• **Exercise**
Gather all lines in the records below that include the word "Photo".

◆ ◆ ◆ ◆

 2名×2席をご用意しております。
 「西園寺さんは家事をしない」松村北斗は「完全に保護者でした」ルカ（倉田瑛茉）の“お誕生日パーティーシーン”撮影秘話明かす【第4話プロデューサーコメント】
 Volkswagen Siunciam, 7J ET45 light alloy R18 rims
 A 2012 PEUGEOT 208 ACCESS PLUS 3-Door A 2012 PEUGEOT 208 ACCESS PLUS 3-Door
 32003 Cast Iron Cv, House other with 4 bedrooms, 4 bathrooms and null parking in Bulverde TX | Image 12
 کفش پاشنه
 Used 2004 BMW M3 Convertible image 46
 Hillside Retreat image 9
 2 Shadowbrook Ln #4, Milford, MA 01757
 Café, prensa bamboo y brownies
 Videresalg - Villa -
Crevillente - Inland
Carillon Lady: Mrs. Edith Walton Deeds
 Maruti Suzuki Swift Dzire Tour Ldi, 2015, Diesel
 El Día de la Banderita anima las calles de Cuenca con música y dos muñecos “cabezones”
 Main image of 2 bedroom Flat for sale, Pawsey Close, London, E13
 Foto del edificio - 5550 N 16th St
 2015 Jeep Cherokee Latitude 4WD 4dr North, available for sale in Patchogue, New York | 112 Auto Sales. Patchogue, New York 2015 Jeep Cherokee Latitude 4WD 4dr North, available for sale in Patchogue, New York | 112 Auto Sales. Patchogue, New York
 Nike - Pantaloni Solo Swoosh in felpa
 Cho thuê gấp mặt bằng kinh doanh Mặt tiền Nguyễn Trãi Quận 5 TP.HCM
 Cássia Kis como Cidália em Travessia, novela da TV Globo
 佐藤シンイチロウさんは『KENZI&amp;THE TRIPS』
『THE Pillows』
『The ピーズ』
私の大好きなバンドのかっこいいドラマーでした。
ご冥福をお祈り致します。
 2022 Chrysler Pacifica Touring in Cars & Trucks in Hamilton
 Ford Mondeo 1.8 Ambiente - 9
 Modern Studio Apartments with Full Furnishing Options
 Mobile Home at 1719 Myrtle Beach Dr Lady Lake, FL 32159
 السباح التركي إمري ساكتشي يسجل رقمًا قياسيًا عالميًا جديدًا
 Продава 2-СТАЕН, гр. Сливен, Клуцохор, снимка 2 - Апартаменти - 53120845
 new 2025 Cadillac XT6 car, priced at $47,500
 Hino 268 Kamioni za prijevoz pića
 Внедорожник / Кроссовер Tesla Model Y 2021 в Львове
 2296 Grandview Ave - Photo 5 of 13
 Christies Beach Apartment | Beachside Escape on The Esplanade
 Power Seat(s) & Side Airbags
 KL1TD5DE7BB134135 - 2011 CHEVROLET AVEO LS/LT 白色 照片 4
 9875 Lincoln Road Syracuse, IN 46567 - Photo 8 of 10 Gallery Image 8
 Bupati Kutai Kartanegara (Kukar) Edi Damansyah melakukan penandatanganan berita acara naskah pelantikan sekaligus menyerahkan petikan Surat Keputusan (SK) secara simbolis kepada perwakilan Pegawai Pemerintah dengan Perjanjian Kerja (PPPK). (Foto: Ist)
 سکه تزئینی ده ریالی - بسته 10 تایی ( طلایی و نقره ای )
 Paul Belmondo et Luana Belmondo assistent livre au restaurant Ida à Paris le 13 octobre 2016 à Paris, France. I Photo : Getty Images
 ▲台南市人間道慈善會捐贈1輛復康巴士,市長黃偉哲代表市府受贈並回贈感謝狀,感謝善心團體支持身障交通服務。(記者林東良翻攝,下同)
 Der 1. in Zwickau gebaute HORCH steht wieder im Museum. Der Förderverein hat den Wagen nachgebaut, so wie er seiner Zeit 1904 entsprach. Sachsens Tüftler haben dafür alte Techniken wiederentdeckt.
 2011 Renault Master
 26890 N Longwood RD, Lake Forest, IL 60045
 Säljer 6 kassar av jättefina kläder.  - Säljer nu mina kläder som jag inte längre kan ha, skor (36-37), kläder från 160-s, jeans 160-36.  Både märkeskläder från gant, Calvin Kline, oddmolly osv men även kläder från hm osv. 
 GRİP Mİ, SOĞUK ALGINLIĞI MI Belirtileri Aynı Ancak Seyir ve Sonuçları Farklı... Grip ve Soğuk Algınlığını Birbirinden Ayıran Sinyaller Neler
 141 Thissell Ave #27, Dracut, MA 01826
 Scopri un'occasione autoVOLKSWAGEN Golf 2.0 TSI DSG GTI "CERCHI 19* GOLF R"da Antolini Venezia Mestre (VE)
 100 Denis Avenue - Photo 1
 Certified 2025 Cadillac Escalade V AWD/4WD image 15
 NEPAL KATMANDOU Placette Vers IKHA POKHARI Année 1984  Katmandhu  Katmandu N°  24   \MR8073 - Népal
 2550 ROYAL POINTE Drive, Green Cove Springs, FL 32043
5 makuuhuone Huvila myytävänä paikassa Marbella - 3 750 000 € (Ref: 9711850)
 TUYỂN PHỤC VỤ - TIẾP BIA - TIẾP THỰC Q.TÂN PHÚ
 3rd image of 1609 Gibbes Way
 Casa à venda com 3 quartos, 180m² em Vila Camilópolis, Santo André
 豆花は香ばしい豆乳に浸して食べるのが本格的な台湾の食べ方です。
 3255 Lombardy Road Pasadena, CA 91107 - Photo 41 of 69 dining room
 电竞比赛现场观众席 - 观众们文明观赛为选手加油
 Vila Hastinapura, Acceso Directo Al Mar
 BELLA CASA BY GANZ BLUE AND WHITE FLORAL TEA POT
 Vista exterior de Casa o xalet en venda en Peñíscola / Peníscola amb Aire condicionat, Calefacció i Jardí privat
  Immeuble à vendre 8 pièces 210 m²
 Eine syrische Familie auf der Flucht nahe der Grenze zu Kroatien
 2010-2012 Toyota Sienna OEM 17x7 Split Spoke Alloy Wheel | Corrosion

◆ ◆ ◆ ◆

• **Reply**
 2296 Grandview Ave - Photo 5 of 13
 9875 Lincoln Road Syracuse, IN 46567 - Photo 8 of 10 Gallery Image 8
 Paul Belmondo et Luana Belmondo assistent livre au restaurant Ida à Paris le 13 octobre 2016 à Paris, France. I Photo : Getty Images
 100 Denis Avenue - Photo 1
 3255 Lombardy Road Pasadena, CA 91107 - Photo 41 of 69 dining room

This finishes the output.